UN: North Korean Company Renames Ships to Evade Sanctions
By Cara Anna & Edith M. Lederer 26 February 2015
UNITED NATIONS — A North Korean shipping company that famously tried to hide fighter jets under a cargo of sugar later sought to evade UN sanctions by renaming most of its vessels, a new report says.
The effort by Pyongyang-headquartered Ocean Maritime Management Company is detailed in the report by a panel of experts that monitors sanctions on North Korea. The report, obtained by The Associated Press, makes clear the challenge of keeping banned arms and luxury goods from a nuclear-armed country with a history of using front companies to duck detection.
The UN Security Council holds consultations Thursday on the report, which also says North Korea’s government persists with its nuclear and missile programs in defiance of council resolutions.
The council last year imposed sanctions on OMM after Panama in 2013 seized a ship it operated that carried undeclared military equipment from Cuba. Panamanian authorities found two Cuban fighter jets, missiles and live munitions beneath the Chong Chon Gang’s cargo of sugar.
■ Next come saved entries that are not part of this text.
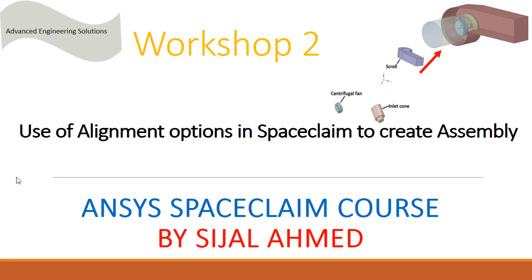Hi, Sijal here, and this time I am with workshop number 2 in SpaceClaim. The purpose of this workshop is to use the alignment options in SpaceClaim to assemble different parts of geometry or the model.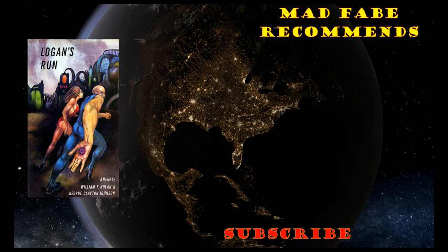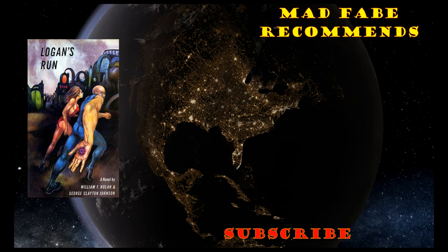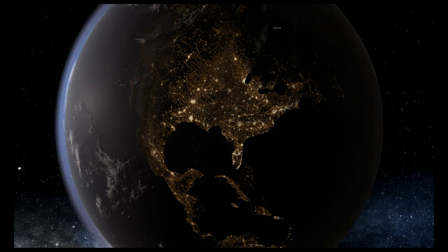Hello everyone and welcome to another Recommends video. This time we're going to be looking at the book Logan's Run and the differences between it and the movie of the same name. The book Logan's Run was written by William F. Nolan and George C. Johnson. It was published in 1967 and the movie Logan's Run came out in 1976.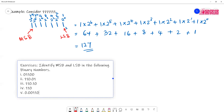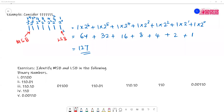Let's look at the following binary numbers. I need you to identify the most significant bit and least significant bit. Starting with the first one, we look at the leftmost non-zero digit — that is the most significant bit, representing a weight of 8. The least significant bit is the rightmost bit before the boundary point — you cannot neglect that zero.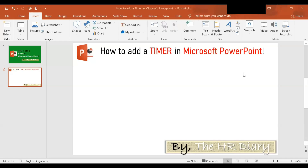Hello, welcome to PowerPoint Tips by the HR Diary. Today I'm going to show you how to add a countdown timer to your PowerPoint.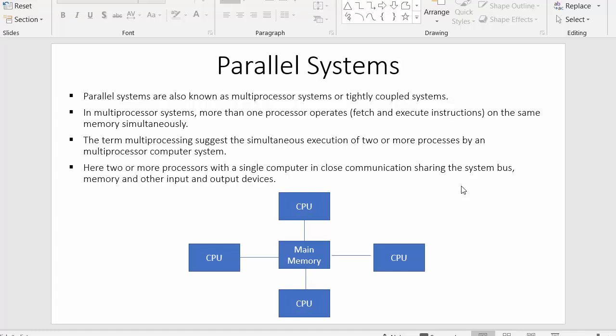Hi everyone, this is Mahmushik and in today's video, I will discuss about parallel systems. These parallel systems are also known as multiprocessor systems or we can also call them tightly coupled systems. These systems are termed as multiprocessor systems because here in parallel systems, multiple processors are connected with a single main memory.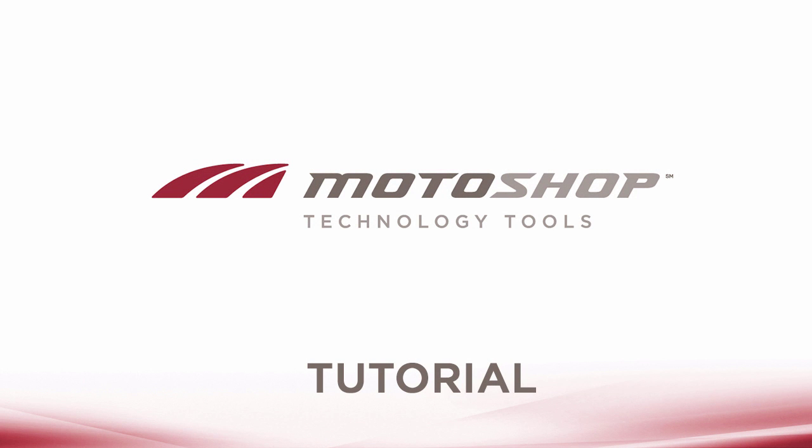Hi, I'm going to walk you through how to add a customer and vehicle to a quote in Motoshop's Shop Management System.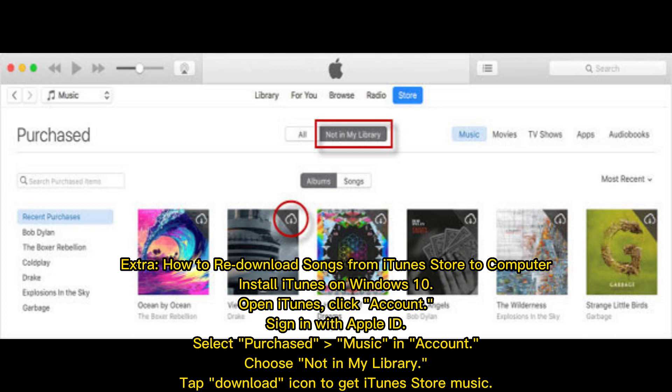Extra: How to re-download songs from the iTunes Store to computer. Install iTunes on Windows 10 and open iTunes. Click Account and sign in with your Apple ID. Select Purchased Music in Account, choose Not in My Library, then tap the Download icon to get iTunes Store music.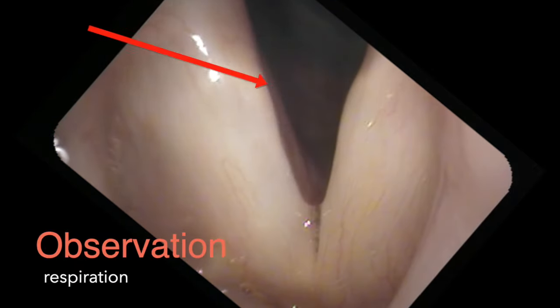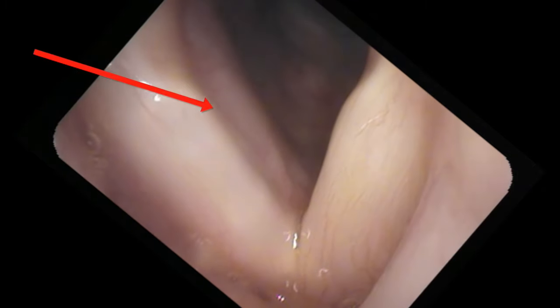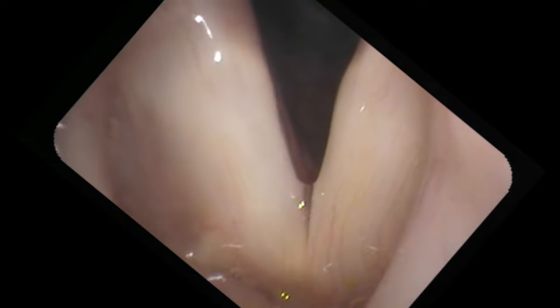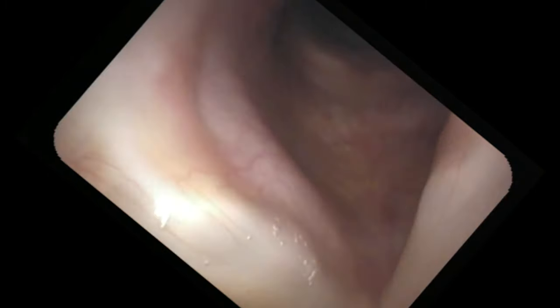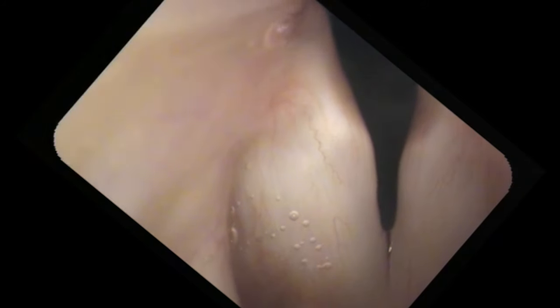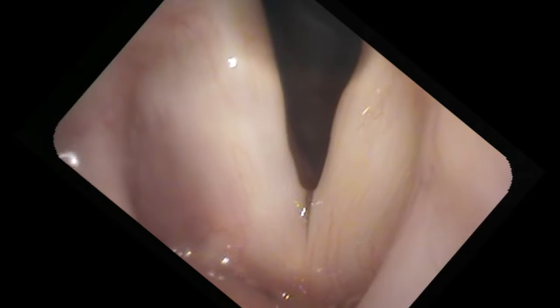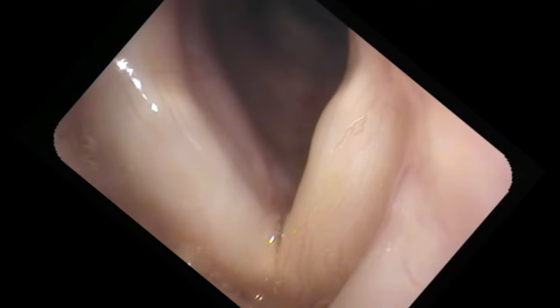And here we're watching the right side acting normally. The right vocal process during respiration is completely opening during inspiration and closing during expiration. And the left vocal process is perhaps moving, and it is moving at the correct time - medially during expiration and laterally during inspiration. But the degree of rotation is minimal when compared to the right side.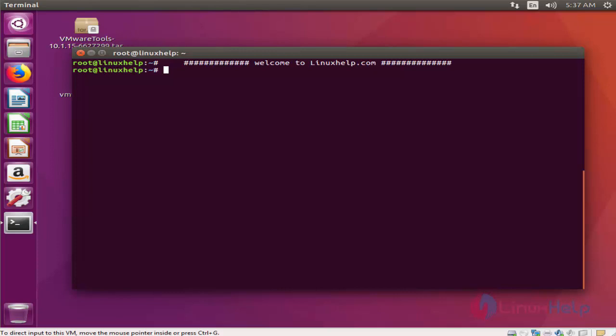Hello Techies, welcome to linuxhelp.com. Today I am going to show you how to install ZoneMinder, your video surveillance software system, on your Ubuntu 16.04 version. It is an easy 11-step process.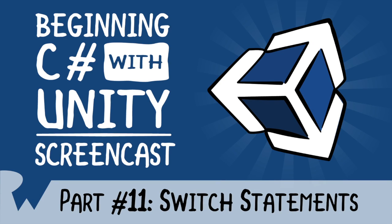Hey, what's up, everybody? This is Brian, and welcome back to the Beginning C Sharp with Unity Screencast series. In this episode, you'll be learning about switch statements.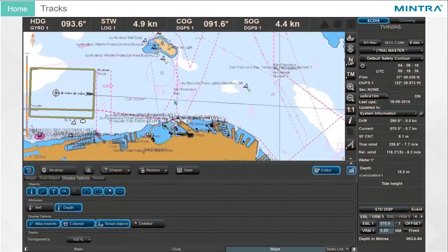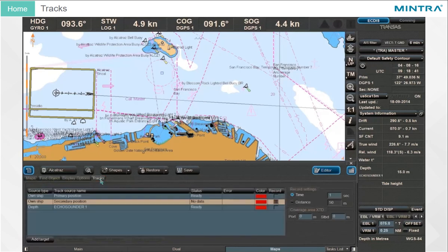To show the own ship or target track as a user map object, click on the Tracks tab and change the colour of the track by clicking the entry.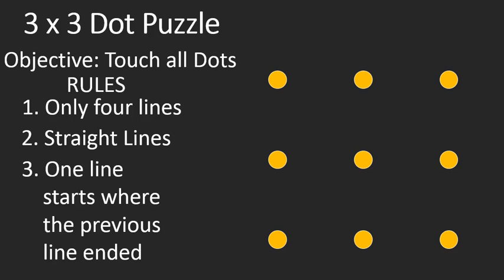And this is the one that really counts: one line needs to start where the previous line ended. So if you were drawing this with a pencil, you need to basically do it without lifting the pencil off of the paper.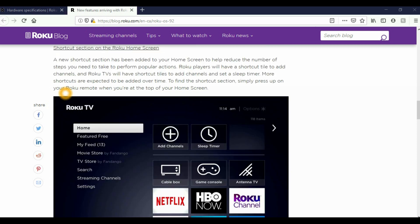The next new feature is going to be a shortcut section on your Roku home screen. A new shortcut section has been added to your home screen to help reduce the number of steps you need to take to perform popular actions. Roku players will have a shortcut tile to add channels and Roku TVs will have shortcut tiles to add channels and set a sleep timer. More shortcuts are expected to be added over time. To find the shortcut section, simply press up on your Roku remote when you are at the top of your home screen.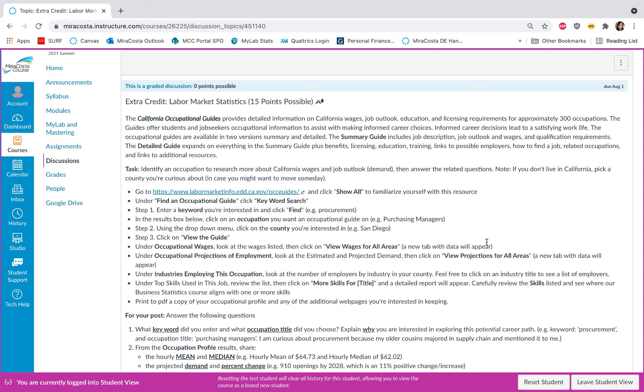In this video I'll provide an overview of our extra credit assignment on labor market statistics. In this class you've been learning about different kinds of descriptive statistics, and I thought it'd be a great opportunity to apply that learning to real-world data. In this case, the California Occupational Guides provide detailed information about California wages, job outlook, education, and other requirements for a variety of occupations.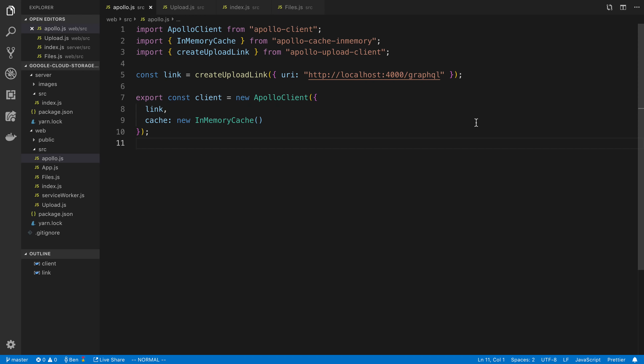So I'm going to be showing you how you can upload a file to Apollo Server in React. We're going to be starting off with the React code, and I'm going to be showing you what you need to add to be able to upload images or files and how that whole process works.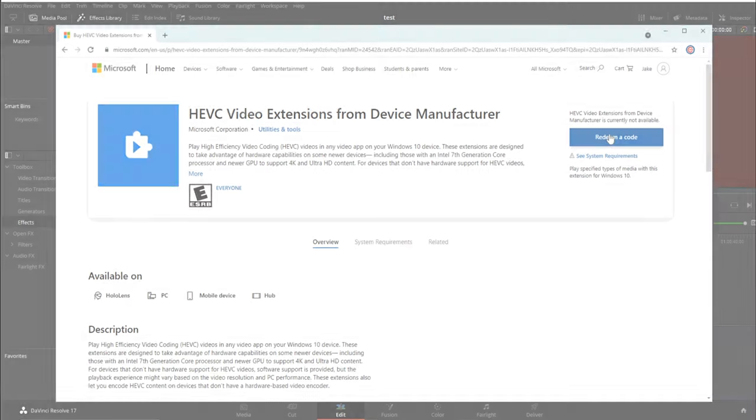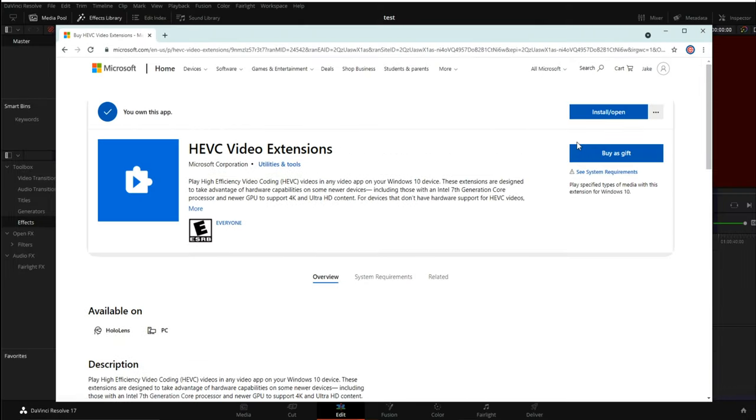Once you download the codec and install it into your system, reboot DaVinci and you will see all your media back online.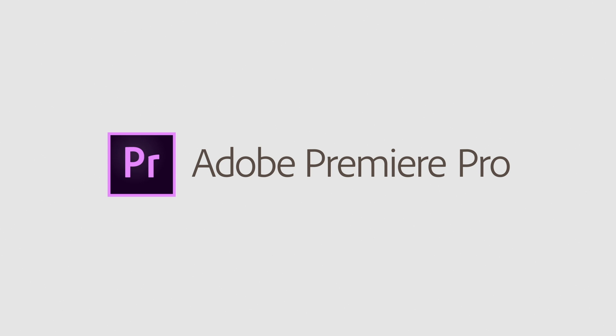Together, these refinements make the editing process even smoother with Adobe Premiere Pro.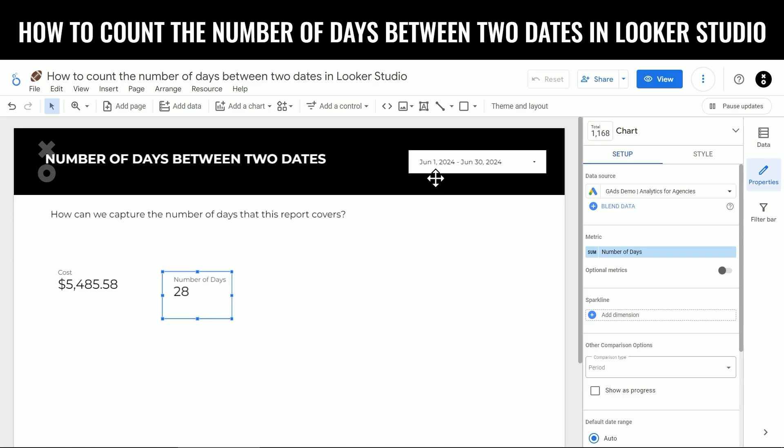Now you can see here as well that we are actually looking at a date range that should be 30 days, but it's only going to count the number of days if you are actually running ads. In this case, this is a Google Ads data source. If you're running ads in those days, this particular client doesn't run ads on weekends. There's a weekend involved here. Therefore, it's not going to encompass the entire date range. Just double check that when you're doing this in your own calculations.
The council’s sanctions committee said that violated a UN arms embargo imposed in response to North Korea’s nuclear and missile programs. At the time, US Ambassador to the United Nations Samantha Power said that imposing a global asset freeze on OMM meant that the company would no longer be able to operate internationally.
But the new report says that in the months after the sanctions were imposed, 13 of the 14 ships controlled by OMM changed their owners and managers, “effectively erasing” the company from a database kept by the International Maritime Organization. Twelve of the ships “reportedly stayed, visited or were sighted near ports in foreign countries,” and none were frozen by member states as the panel of experts recommends.
The new report explores the shipping company’s global reach, using people and entities operating in at least 10 countries: Brazil, China, Egypt, Greece, Japan, Malaysia, Peru, Russia, Singapore and Thailand. The report recommends updating the sanctions list with 34 OMM entities and says all 14 vessels should be subject to sanctions.
No interdictions of the kind that Panama made in 2013 were reported in the period between Feb. 8 of last year and Feb. 5 of this year. But the new report warns that the panel of experts sees no evidence that North Korea “intends to cease prohibited activities.”
The report also says diplomats, officials and trade representatives of North Korea continue to “play key roles in facilitating the trade of prohibited items, including arms and related material and ballistic missile-related items.”
The panel of experts warns that some UN member states still are not implementing the council resolutions that are meant to keep North Korea from further violations.
North Korea also faces an embargo on luxury goods, but the report found that it managed to bring in luxury goods from multiple countries, including with the help of its diplomatic missions. Some items were for the country’s Masik Pass luxury ski resort, which opened in 2013. China told the panel of experts that the ski lift equipment it provided was acceptable because “skiing is a popular sport for people” and that ski items are not specifically prohibited.
In another case, a yacht seen alongside leader Kim Jong-un in 2013 was sourced by the panel of experts to a British manufacturer, Princess Yachts International, which the panel said did not reply to a request for more information.
The panel also said it has opened its first investigation into a case involving North Korean drones after the wreckage of three drones was found in South Korea in late 2013 and 2014. The report says the drones had been used for reconnaissance over South Korean military facilities and that the drones contained components “sourced from at least six foreign countries.”
North Korea protests that the UN sanctions are harmful to its citizens, but the report says it has found no incidents where they “directly resulted in shortages of … humanitarian aid.” It does recommend that the sanctions committee propose exemptions for purely food, medical or other humanitarian needs.